What is expected: Please reproduce all of the listing below exactly and drop its images.

[Opening Raw data section]

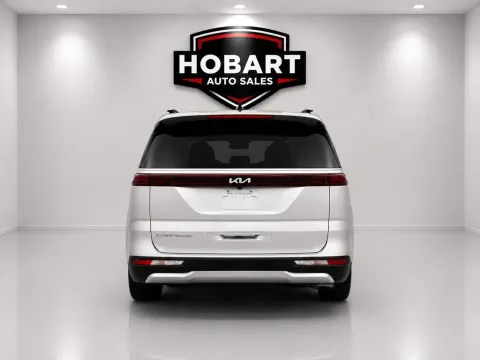 More photos of 2022 Kia Carnival LX at Hobart Auto Sales, IN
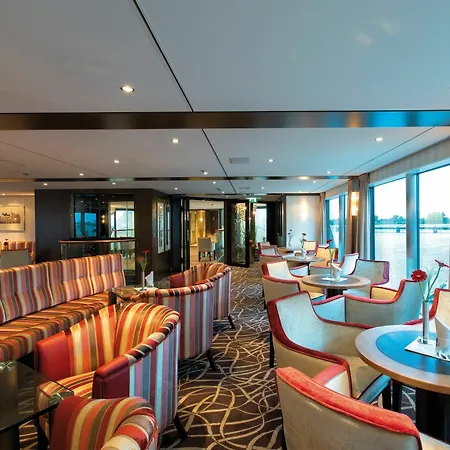 Crossgates Hotelship 4 Star - Altstadt - Düsseldorf
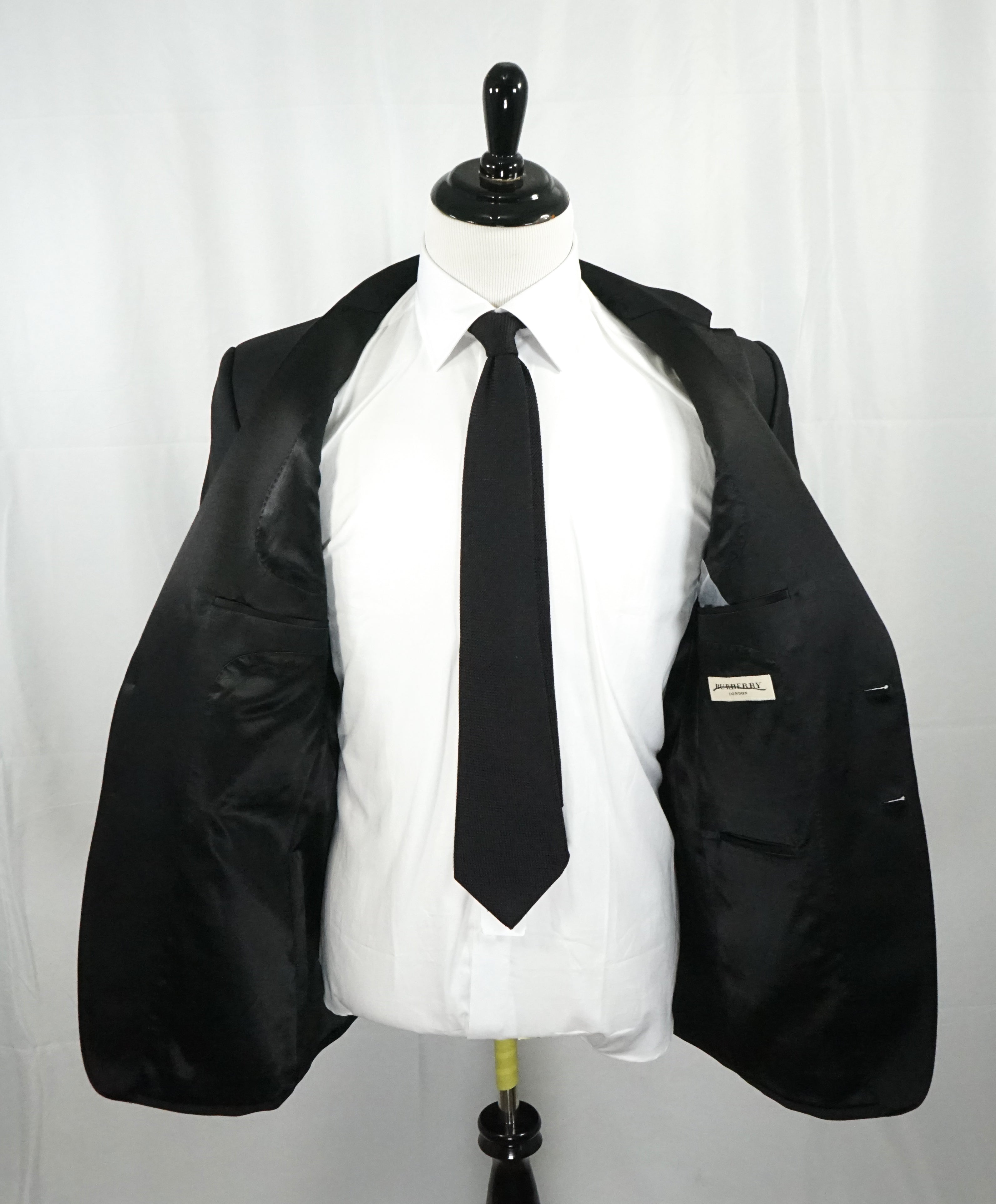 BURBERRY LONDON - Made In Italy Wool & Mohair Tuxedo Suit - 44R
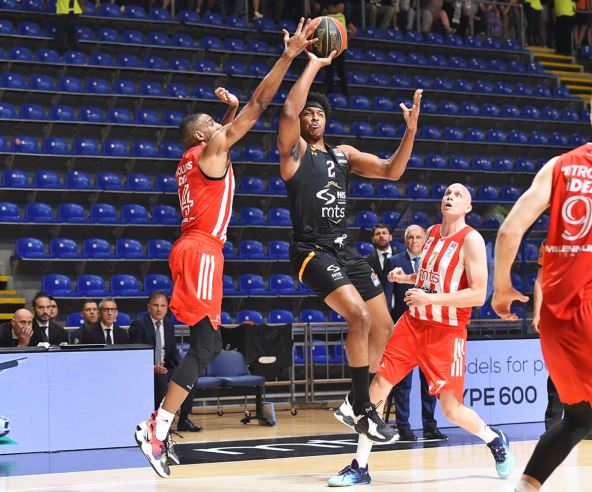 Partizan Crvena Zvezda ABA finale (31).jpg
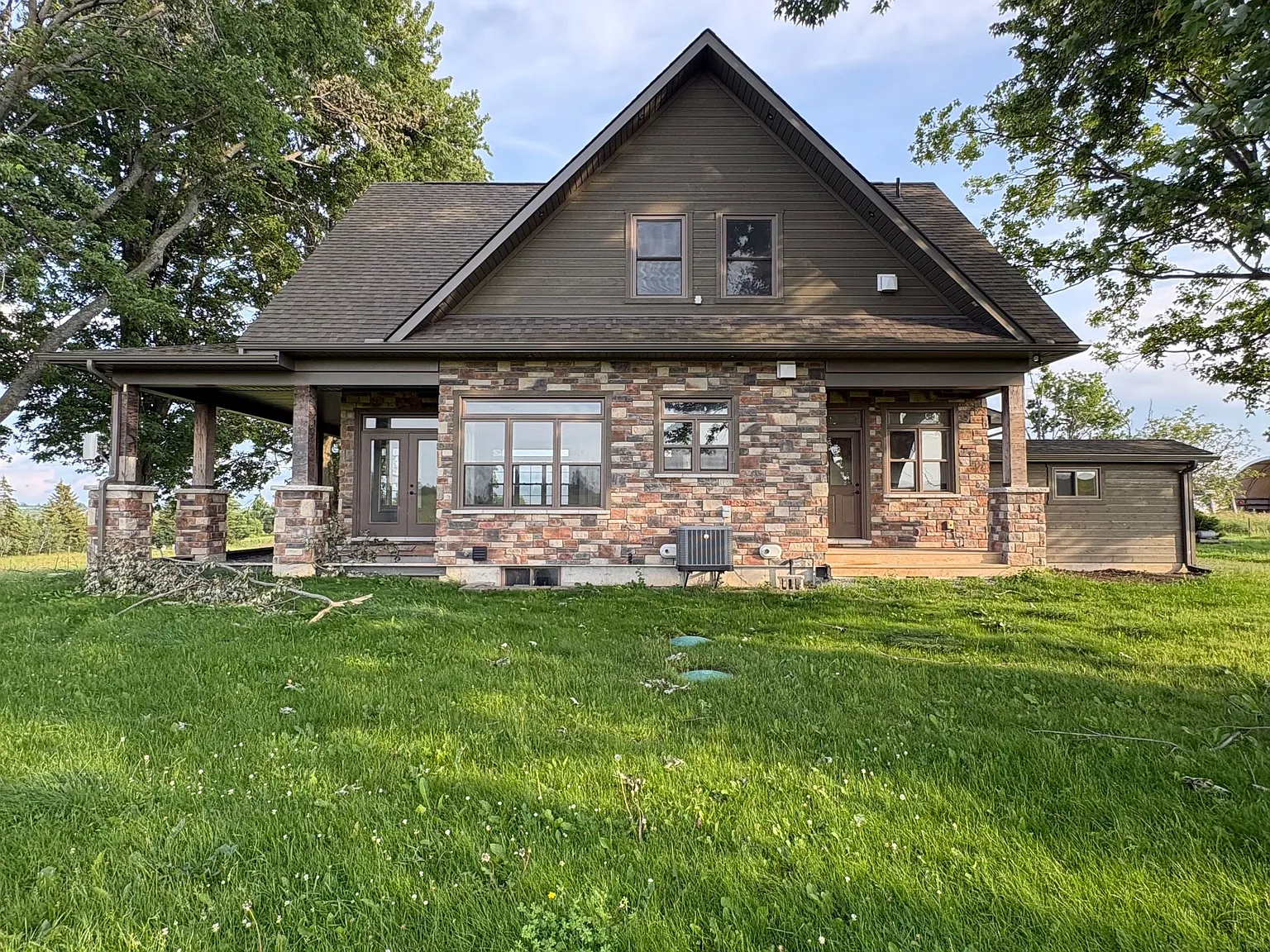 3 bed, $3,300 — Photo 3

[Closing Raw data section]

Answer area:
 More photos of 2022 Kia Carnival LX at Hobart Auto Sales, IN
 Crossgates Hotelship 4 Star - Altstadt - Düsseldorf
 BURBERRY LONDON - Made In Italy Wool & Mohair Tuxedo Suit - 44R
 Partizan Crvena Zvezda ABA finale (31).jpg
 3 bed, $3,300 — Photo 3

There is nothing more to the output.